* **Listed records**:
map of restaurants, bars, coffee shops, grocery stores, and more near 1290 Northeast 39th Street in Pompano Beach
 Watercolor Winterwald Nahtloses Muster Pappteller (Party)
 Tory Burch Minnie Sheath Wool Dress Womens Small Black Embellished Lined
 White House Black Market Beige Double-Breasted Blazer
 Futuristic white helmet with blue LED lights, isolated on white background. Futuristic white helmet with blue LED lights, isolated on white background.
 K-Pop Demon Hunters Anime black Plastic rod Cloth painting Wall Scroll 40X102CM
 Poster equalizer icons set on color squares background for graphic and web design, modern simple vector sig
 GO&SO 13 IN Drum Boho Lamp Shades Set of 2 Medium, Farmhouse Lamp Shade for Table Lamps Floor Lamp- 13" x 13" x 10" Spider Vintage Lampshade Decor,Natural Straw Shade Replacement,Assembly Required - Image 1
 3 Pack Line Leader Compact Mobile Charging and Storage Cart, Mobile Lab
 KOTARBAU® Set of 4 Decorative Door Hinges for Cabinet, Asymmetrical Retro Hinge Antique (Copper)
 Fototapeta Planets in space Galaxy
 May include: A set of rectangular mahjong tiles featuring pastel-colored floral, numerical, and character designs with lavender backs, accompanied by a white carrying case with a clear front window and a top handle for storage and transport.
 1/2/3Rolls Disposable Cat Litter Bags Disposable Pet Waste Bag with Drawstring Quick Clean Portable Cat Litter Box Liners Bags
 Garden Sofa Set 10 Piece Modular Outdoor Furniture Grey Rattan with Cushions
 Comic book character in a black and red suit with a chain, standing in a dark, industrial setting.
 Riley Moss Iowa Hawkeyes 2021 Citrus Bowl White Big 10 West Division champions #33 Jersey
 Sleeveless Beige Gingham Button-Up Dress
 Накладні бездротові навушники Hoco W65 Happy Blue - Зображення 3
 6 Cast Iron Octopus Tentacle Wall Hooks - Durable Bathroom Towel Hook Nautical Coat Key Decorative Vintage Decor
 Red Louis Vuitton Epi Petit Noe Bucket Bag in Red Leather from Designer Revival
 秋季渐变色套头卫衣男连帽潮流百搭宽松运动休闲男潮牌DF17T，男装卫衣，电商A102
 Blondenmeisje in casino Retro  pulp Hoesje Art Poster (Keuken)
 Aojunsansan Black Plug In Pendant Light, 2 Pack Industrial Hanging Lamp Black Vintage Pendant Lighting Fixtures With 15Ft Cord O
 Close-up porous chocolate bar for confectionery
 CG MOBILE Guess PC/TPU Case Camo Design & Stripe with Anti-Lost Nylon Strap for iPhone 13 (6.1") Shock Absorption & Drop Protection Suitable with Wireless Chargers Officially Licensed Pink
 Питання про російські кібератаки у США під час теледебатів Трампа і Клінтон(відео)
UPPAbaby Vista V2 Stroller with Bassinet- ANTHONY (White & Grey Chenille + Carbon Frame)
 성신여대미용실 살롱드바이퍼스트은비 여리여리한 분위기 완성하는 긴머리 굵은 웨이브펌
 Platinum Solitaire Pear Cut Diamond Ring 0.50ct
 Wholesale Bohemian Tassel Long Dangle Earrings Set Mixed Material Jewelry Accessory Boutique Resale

* **What you have to do**: In the entries above, find each line with the word "Grey" and show it.

* **Written answer**:
 Garden Sofa Set 10 Piece Modular Outdoor Furniture Grey Rattan with Cushions
UPPAbaby Vista V2 Stroller with Bassinet- ANTHONY (White & Grey Chenille + Carbon Frame)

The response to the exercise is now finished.